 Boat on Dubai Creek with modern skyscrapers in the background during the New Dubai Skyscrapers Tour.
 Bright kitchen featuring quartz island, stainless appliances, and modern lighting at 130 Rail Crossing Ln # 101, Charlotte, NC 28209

---

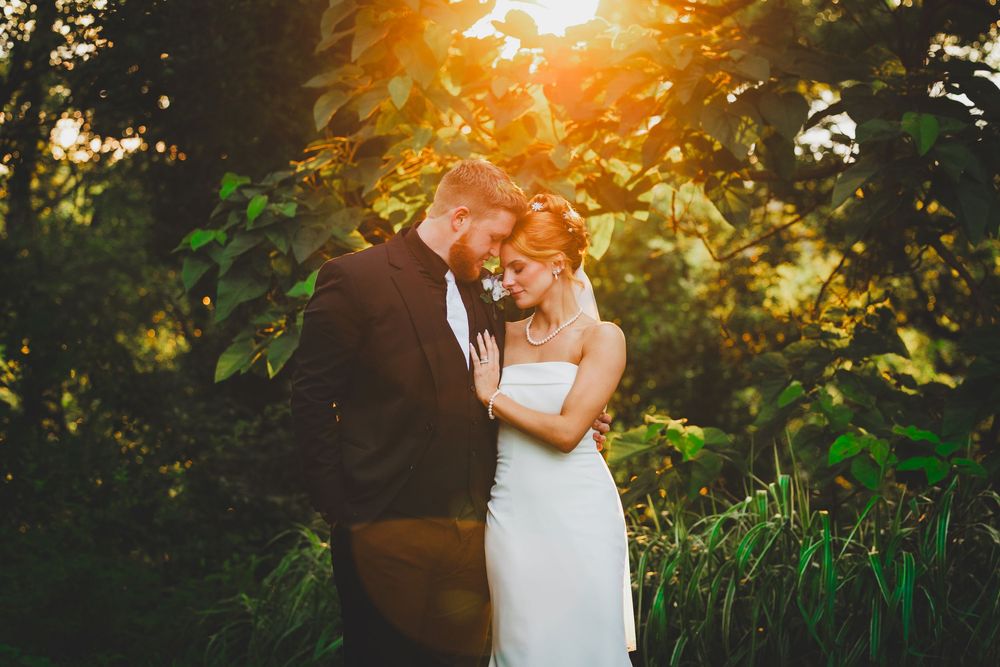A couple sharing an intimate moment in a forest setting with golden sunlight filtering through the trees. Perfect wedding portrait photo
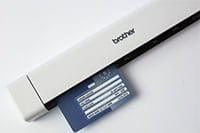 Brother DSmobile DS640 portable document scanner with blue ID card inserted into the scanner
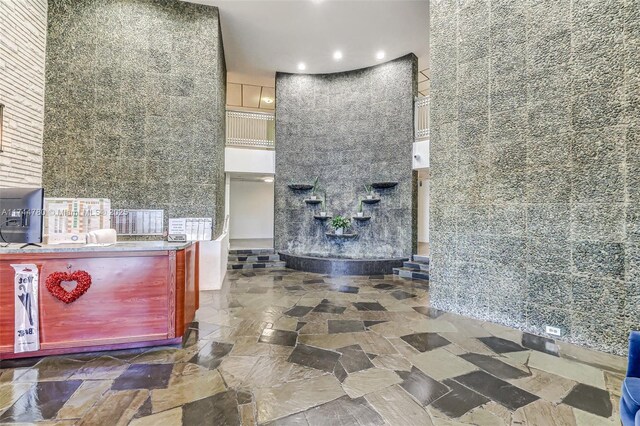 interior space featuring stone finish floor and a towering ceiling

→ Action item
Keep to the lines above from the line with "A couple sharing" to the line with "interior space featuring", and set down exactly those, inclusive, with nothing else and every picture left out.

→ Answer below
A couple sharing an intimate moment in a forest setting with golden sunlight filtering through the trees. Perfect wedding portrait photo
 Brother DSmobile DS640 portable document scanner with blue ID card inserted into the scanner
 interior space featuring stone finish floor and a towering ceiling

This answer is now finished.